=== Supplied information ===
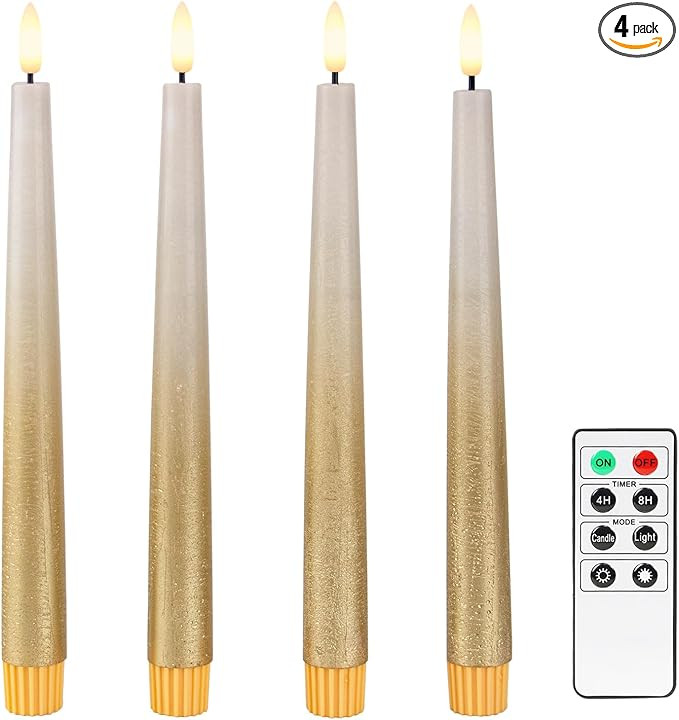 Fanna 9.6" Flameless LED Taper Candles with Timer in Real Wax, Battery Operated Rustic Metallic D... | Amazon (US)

* * *

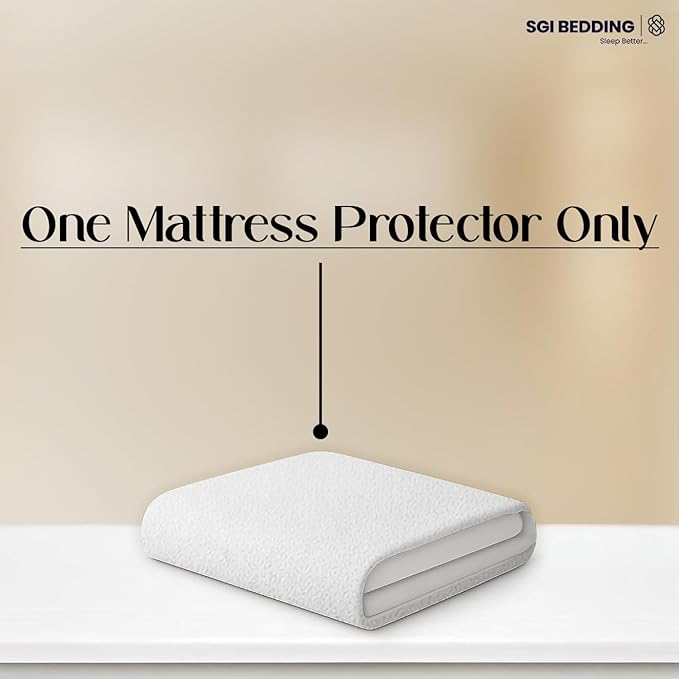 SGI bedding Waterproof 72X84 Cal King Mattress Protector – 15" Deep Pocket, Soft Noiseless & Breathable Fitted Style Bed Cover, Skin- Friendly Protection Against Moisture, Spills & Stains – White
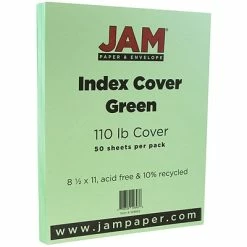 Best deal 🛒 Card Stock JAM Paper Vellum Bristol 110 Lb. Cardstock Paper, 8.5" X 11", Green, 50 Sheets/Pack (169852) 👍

=== Try it ===
Although the records hold pictures, the copy must not; give again exactly the lines from the one with "SGI bedding Waterproof" through the one with "Best deal 🛒".

=== Written response ===
 SGI bedding Waterproof 72X84 Cal King Mattress Protector – 15" Deep Pocket, Soft Noiseless & Breathable Fitted Style Bed Cover, Skin- Friendly Protection Against Moisture, Spills & Stains – White
 Best deal 🛒 Card Stock JAM Paper Vellum Bristol 110 Lb. Cardstock Paper, 8.5" X 11", Green, 50 Sheets/Pack (169852) 👍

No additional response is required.